Большинство инсургентов были молоды, а присланному в Вильнюс генерал-губернатору Муравьеву шел седьмой десяток Его крупная неповоротливая фигура в парадном мундире страшила не только жителей Вильнюса, но и самих русских. История помнит только роль Муравьева в событиях 1863 - 1864 годов, хотя он многое успел совершить и раньше: например, воевал с Наполеоном, участвовал в тайных собраниях декабристов, был арестован, но добился оправдания. Потом он стал крайним — даже по меркам России — консерватором. Александр II, назначая его в мятежный Вильнюс, вспомнил, что семья аристократов Муравьевых славилась декабристами — один из них даже был повешен. На это Михаил Муравьев отрезал: «Я не из тех Муравьевых, которых вешают, а из тех, которые вешают». Эти слова он тут же оправдал и навсегда был прозван Вешателем. Именно он заменил Сераковскому и Калиновскому расстрел на повешенье, именно он приказал сравнять с землей могилу Людвика Нарбута. Гордился, что осудил на смерть сто восемьдесят два повстанца, а репрессировал девять тысяч; на самом деле пострадавших было заметно больше. Муравьев сжигал деревни, отнимал поместья, закрывал костелы, ссылал в Сибирь. Немалая часть русской интеллигенции, в том числе Тютчев и Вяземский, его поддерживала — иногда из страха, иногда видя в восстании угрозу отечеству и искренне поклоняясь «сильной руке». Даже радикал Некрасов посвятил Муравьеву оду, чтобы спасти свой журнал, что ему, впрочем, не удалось. Зато Герцен, который в эмиграции не боялся цензуры, называл поклонников Муравьева каннибалами.

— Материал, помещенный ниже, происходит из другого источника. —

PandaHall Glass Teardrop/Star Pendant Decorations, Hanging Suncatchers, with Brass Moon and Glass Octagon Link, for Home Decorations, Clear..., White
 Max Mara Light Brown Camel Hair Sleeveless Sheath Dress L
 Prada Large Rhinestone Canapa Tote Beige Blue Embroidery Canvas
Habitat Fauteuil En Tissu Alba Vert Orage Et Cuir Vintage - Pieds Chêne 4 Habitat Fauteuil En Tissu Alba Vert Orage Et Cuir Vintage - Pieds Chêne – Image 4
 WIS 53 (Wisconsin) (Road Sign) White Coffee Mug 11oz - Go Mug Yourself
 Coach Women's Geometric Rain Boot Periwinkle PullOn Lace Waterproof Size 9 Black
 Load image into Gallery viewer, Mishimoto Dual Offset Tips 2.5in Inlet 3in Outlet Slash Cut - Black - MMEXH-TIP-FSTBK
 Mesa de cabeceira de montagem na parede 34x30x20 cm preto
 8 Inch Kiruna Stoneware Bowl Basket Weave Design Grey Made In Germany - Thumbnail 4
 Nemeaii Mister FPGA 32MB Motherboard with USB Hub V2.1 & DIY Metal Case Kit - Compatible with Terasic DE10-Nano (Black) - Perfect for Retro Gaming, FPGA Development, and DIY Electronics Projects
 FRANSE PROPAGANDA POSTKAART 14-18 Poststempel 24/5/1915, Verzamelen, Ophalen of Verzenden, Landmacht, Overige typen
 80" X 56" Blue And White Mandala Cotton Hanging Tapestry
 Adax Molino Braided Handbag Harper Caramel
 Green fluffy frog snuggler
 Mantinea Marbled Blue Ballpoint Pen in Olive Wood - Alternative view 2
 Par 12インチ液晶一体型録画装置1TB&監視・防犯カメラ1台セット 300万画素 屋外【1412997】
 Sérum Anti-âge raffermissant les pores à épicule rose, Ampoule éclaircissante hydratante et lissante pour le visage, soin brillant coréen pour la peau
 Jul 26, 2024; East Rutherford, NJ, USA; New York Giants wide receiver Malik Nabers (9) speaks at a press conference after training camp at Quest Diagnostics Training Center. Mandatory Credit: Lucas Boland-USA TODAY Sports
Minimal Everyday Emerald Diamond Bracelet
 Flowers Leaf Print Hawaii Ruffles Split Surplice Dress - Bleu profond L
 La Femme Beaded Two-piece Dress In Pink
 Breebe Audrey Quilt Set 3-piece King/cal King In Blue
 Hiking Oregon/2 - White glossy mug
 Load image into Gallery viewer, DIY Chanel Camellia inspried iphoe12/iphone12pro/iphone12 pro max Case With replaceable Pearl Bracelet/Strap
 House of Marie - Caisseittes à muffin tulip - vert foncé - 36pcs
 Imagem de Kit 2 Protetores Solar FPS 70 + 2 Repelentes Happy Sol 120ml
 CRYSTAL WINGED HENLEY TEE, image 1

Генерал-губернатор Муравьев изменил даже силуэт города. Он веровал в идею славянофилов, которые проповедовали, что столица Литвы поначалу была чисто православным городом, и только поляки привнесли туда заразу из Рима — католичество, чуждые западные веяния, грозящие беспорядками и мятежом. Утверждалось, что вернуть Вильнюс и Литву в объятья России и православия — священный долг каждого русского. Муравьев приказал отремонтировать множество заброшенных вильнюсских церквей, построить новые, а костелы, насколько возможно, переделать в церкви. Так была отстроена совсем развалившаяся Пятницкая церквушка, в которой, по легенде (быть может, сочиненной самим Муравьевым), Петр I крестил эфиопа Ганнибала. Барочный костел св. Казимира, имя которого некстати напоминало о католическом заступнике Литвы, приказали превратить в Никольский собор. Когда Вильнюс посетил Федор Тютчев (его двоюродная сестра была женой Муравьева), вид города уже так изменился, что Тютчев, отчаянный славянофил, написал о родных крестах над «русской Вильной стародавной» и о звоне православных колоколов, оглашающем городские высоты. Кстати, через четыре года после восстания в Вильнюсе, по дороге в Европу, на два дня останавливался и Достоевский. Он молился в русском соборе — иначе говоря, в костеле св. Казимира — и посетил часовню, поставленную Муравьевым в память усмирителей. По дневнику его жены ощущается, как неуютно приходилось обоим Достоевским в городе, где сам воздух был пропитан ненавистью к чуждой власти. «Федору Михайловичу пришла мысль, что нас ограбят в то время, когда все люди в гостинице уйдут к заутрене. Поэтому он заставил все двери чемоданами и столами. Ночью без четверти два часа с ним сделался припадок, очень сильный, который продолжался 15 минут».

На двух церквях Вильнюса до сих пор висят памятные доски Муравьеву — я сказал бы, что это свидетельствует о терпимости города даже к темным фигурам своей истории. Иначе поступили с памятником генерал-губернатору. В 1898 году бронзовая статуя Вешателя появилась возле епископского дворца, где он жил, когда подавлял восстание. В том же дворце останавливался Наполеон, а сейчас находится резиденция президента Литвы. Открыли памятник торжественно, с военным парадом, тремя залпами артиллерии и иллюминацией. Горожане ненавидели статую, напоминавшую им о несчастьях; говорят, что каждый год в день рождения Муравьева они умудрялись мазать ее волчьим салом, и к ней сбегались выть все собаки города. Во время Первой мировой войны Вильнюс взял долгожданный реванш; отступавшая русская армия демонтировала и вывезла памятник, а известный городской фотограф Ян Булгак даже успел заснять Вешателя с петлей на шее. Остался только пьедестал, позднее перенесенный в лес, где погиб Людвик Нарбут. Он и сейчас стоит на месте гибели повстанца с надписью: «За нашу и вашу свободу».